Start of Data supplied
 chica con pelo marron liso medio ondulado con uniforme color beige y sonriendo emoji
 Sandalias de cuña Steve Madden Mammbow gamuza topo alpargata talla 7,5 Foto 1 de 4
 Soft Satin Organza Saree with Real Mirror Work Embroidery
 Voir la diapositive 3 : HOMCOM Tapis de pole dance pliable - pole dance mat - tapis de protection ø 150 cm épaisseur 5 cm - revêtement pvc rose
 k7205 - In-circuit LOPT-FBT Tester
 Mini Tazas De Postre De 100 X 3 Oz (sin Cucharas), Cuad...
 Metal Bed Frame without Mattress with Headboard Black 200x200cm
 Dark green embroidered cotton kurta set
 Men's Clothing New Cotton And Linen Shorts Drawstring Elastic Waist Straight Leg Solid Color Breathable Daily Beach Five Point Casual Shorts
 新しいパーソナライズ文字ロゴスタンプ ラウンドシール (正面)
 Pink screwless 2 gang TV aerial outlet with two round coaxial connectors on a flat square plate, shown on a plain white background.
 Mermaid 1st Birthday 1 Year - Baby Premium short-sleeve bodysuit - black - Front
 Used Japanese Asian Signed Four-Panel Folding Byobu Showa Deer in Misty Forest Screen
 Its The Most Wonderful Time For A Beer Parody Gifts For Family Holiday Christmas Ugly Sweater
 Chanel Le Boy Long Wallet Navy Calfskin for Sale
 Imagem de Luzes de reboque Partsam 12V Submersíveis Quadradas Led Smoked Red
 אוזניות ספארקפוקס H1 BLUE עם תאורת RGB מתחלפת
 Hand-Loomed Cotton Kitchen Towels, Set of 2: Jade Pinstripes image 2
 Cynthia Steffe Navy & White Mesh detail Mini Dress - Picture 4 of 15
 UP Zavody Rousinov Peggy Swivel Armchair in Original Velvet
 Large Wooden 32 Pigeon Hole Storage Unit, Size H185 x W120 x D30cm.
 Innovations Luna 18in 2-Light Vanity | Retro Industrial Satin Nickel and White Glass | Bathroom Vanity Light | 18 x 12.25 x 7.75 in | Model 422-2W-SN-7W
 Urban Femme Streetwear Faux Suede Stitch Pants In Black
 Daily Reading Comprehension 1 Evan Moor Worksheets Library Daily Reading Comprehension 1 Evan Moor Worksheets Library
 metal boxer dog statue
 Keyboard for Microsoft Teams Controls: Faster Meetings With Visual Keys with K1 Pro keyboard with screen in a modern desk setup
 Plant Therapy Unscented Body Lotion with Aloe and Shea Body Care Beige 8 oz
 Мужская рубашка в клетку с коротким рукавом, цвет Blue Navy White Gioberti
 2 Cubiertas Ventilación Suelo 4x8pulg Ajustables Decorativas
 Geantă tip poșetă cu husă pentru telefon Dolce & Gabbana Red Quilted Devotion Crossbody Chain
End of Data supplied
● **Exercise brief**
Answer with a number alone: how many lines of the records contain the string "Mini"?

● **Response for this exercise**
2